(Scraped caption text data)

————————

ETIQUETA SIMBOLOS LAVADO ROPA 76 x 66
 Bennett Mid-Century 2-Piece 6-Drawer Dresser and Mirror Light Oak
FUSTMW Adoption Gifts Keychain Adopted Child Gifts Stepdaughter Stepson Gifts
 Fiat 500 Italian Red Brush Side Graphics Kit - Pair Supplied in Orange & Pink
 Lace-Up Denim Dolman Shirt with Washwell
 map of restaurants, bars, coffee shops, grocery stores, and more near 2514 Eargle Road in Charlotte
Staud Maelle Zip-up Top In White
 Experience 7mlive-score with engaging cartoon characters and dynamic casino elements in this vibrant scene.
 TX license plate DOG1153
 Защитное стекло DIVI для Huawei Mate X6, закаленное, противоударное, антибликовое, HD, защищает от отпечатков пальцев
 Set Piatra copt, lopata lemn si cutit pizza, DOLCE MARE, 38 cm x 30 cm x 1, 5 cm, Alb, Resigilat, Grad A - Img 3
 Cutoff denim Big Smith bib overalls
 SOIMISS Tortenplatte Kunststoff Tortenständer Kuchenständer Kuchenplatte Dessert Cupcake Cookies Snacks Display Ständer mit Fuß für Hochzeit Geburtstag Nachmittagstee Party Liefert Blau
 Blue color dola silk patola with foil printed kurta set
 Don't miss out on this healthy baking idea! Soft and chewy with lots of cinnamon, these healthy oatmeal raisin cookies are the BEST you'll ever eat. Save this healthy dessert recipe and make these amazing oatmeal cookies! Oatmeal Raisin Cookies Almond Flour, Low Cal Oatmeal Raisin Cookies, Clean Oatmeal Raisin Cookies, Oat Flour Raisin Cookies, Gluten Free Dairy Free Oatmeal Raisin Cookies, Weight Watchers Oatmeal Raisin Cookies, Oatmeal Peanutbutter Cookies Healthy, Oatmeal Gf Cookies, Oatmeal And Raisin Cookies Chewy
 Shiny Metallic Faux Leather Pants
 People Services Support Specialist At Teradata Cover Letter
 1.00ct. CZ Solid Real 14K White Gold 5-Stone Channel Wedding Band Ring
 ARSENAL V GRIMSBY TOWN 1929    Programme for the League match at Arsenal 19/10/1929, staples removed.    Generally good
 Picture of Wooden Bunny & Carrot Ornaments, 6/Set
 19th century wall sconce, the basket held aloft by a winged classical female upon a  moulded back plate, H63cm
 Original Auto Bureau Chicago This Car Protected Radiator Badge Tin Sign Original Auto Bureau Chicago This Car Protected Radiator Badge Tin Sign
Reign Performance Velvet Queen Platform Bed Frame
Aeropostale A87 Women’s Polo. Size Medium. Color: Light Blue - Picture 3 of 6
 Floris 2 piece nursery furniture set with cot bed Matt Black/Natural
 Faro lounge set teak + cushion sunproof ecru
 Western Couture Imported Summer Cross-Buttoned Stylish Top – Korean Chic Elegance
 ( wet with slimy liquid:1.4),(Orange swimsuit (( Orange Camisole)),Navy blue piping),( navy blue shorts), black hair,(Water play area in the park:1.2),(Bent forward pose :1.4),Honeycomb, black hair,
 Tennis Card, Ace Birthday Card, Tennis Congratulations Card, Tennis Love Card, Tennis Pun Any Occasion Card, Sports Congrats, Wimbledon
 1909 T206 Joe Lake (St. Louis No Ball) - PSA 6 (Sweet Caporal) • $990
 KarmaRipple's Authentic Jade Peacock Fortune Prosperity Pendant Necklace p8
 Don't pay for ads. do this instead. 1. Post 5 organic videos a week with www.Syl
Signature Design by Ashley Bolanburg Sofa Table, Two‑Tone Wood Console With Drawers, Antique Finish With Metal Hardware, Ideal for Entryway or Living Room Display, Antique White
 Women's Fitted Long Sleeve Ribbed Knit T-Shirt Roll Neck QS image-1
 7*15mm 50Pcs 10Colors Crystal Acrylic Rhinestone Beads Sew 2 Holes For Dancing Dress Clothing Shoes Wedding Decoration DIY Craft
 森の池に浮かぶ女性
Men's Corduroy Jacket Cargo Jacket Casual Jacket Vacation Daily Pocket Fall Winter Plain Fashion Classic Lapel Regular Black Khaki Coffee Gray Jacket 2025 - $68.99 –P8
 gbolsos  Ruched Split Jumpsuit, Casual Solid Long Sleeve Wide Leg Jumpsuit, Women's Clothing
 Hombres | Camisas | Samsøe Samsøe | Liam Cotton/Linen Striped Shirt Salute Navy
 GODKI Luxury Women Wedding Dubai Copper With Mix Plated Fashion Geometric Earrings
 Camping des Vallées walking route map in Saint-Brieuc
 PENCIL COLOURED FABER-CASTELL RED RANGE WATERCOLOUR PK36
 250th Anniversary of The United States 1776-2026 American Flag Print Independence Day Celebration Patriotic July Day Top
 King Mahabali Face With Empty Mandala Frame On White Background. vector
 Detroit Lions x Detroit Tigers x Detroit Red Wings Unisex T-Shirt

————————

Show every line of the data in which the word "Navy" appears.

▶ _Task answer_:
 ( wet with slimy liquid:1.4),(Orange swimsuit (( Orange Camisole)),Navy blue piping),( navy blue shorts), black hair,(Water play area in the park:1.2),(Bent forward pose :1.4),Honeycomb, black hair,
 Hombres | Camisas | Samsøe Samsøe | Liam Cotton/Linen Striped Shirt Salute Navy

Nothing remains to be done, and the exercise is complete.